Work instructions
Look for the line containing "Makeup & Fingernail" and the line containing "17 岁俄罗斯 CSGO 选手勇闯电竞巅峰之路" in the entries below. Copy those two and all lines between them exactly, leaving out pictures.

Input data
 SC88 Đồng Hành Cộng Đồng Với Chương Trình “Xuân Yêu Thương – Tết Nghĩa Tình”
* * *
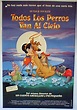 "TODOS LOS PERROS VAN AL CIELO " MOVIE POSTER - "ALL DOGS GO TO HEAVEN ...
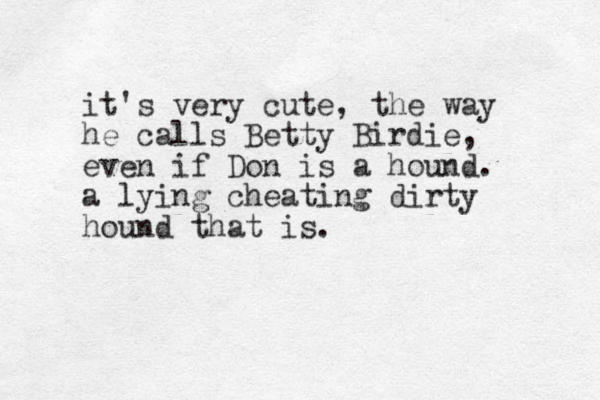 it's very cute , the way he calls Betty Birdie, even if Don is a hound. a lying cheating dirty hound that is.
==
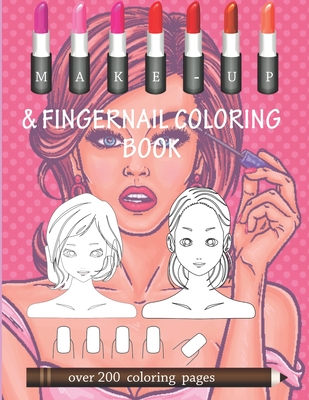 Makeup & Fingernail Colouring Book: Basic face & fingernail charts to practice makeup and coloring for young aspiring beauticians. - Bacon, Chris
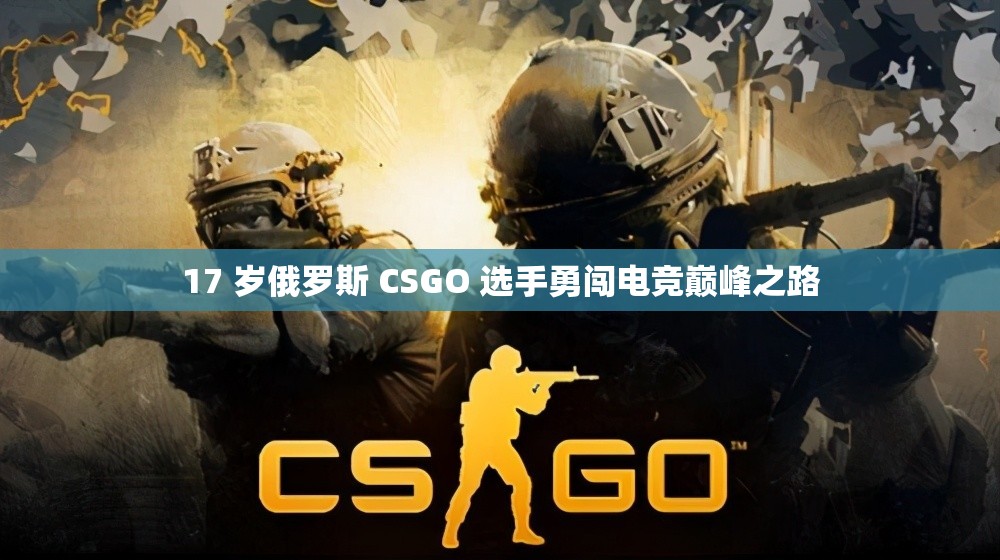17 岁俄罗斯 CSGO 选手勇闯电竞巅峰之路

Reply to the exercise
 Makeup & Fingernail Colouring Book: Basic face & fingernail charts to practice makeup and coloring for young aspiring beauticians. - Bacon, Chris
17 岁俄罗斯 CSGO 选手勇闯电竞巅峰之路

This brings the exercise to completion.